A Matteo Renzi le toghe non sono mai piaciute: quelle dei baroni universitari le ha colpite a raffica nella battaglia per il merito, mentre quelle delle procure continua a bersagliarle un giorno sì e l’altro anche (vedi sforbiciate alle ferie e responsabilità civile dei magistrati, approvata dopo trent’anni). Nel secondo caso, però bisogna fare un distinguo: le toghe rosse, quelle di Magistratura democratica nel cui mirino è finito a più riprese Silvio Berlusconi, piacciono ancora meno al premier. Il motivo? “Berlusconi va sconfitto politicamente, è assurdo aspettare di vincere confidando nelle procure”. Meglio dialogare, dietro le quinte a cena o tramite fidati mediatori, con i pm di Magistratura Indipendente (area centrodestra) o, ancora meglio, con quelli di Unicost, moderati e centristi, partendo da quelli fiorentini e toscani. Un po’ di nomi? Il magistrato forzista  Cosimo Maria Ferri, già leader di M.I e in ottimi rapporti con Renzi, è rimasto saldamente sulla poltrona di sottosegretario alla giustizia, dove sedeva già ai tempi di #Enricostaisereno. Ferri fece infuriare Renzi una sola volta, quando venne pescato a mandare sms con i nomi da votare per il Csm: traballò, ma alla fine rimase seduto.

Di Unicost è anche il sottosegretario all’interno Domenico Manzione, che in un’intervista a Report confessò candidamente di essere stato nominato nel governo Letta “su indicazione di Renzi, a cui sono legato da rapporti di amicizia e di stima”. Manzione (Domenico) e la sorella Antonella, già comandante dei vigili a Palazzo Vecchio e oggi a capo dell’ufficio legislativo di Palazzo Chigi, sono due personaggi importanti per leggere la ripida ascesa dell’ex sindaco. Entrambi sono infatti da sempre in ottimi rapporti con Giuseppe Quattrocchi, anch’esso esponente di spicco di Unicost.
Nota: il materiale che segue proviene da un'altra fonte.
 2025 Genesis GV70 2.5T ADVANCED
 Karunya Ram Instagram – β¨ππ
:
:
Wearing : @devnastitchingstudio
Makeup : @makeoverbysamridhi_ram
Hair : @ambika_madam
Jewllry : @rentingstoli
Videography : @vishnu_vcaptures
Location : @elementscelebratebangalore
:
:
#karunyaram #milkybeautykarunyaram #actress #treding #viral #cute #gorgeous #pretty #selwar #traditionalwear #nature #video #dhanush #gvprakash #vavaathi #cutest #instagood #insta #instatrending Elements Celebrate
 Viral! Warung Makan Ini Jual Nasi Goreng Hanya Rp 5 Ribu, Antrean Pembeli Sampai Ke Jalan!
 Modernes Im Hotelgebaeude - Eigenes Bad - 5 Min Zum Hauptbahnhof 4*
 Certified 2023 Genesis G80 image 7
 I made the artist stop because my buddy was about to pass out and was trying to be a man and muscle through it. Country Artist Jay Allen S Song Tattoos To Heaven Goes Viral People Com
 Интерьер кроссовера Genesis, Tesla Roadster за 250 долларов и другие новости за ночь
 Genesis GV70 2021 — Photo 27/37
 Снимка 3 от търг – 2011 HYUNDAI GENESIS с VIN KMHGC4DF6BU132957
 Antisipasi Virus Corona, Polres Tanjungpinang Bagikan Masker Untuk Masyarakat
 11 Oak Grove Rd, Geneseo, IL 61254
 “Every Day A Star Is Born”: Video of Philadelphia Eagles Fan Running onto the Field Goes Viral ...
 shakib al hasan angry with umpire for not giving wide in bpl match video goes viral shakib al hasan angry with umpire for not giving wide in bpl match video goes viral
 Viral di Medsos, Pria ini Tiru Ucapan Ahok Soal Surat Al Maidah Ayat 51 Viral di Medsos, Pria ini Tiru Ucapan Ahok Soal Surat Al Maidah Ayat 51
Facciamo però un salto indietro. A metà 2008, dopo la lunga gestione di Ubaldo Nannucci (corrente sinistrorsa), a dirigere la procura fiorentina arriva, da Lucca, il dottor Quattrocchi. Cinque mesi dopo scoppia il terremoto giudiziario sulla maxi operazione immobiliare di Castello: Renzi è ancora presidente della provincia, ma già candidato alle primarie a sindaco del Pd. Una missione impossibile per il futuro rottamatore. Il suo principale avversario, lo sceriffo Graziano Cioni, viene travolto dallo scandalo con l’accusa di corruzione. Renzi finisce nelle intercettazioni e viene a lungo interrogato da Quattrocchi, al quale riesce evidentemente a chiarire tutto, mentre indagini e intercettazioni fanno piazza pulita della vecchia classe politica diessina. E poco importa se, cinque anni dopo, Cioni verrà assolto dalla pesantissima accusa. Nei mesi scorsi, in pensione dopo 45 anni di onorata carriera, Quattrocchi è stato nominato consigliere per la sicurezza e anti degrado dal sindaco Dario Nardella, successore di Renzi, che a suo tempo aveva nominato Pier Luigi Vigna, prima che se ne andasse sbattendo la porta: “Matteo usi la poltrona di sindaco come trampolino di lancio”. Quella di Quattrocchi, archiviata l’era Renzi, non era una nomina scontata. Eppure è arrivata, e più d’uno a Firenze ha storto il naso bollandola come “inopportuna”. Nel frattempo, al Palagiustizia di Novoli, è arrivato da Palmi un altro procuratore capo: Giuseppe Creazzo, anche lui esponente di rilievo di Unicost. Due pm che un anno fa avevano aperto un fascicolo senza ipotesi di reato sulla casa del centro di Firenze dove Renzi aveva trasferito la residenza (l’affitto lo aveva pagato per mesi il miglior amico del premier, Marco Carrai). Era il 20 marzo 2014. Di quel fasciolo, un anno dopo, non si sa molto.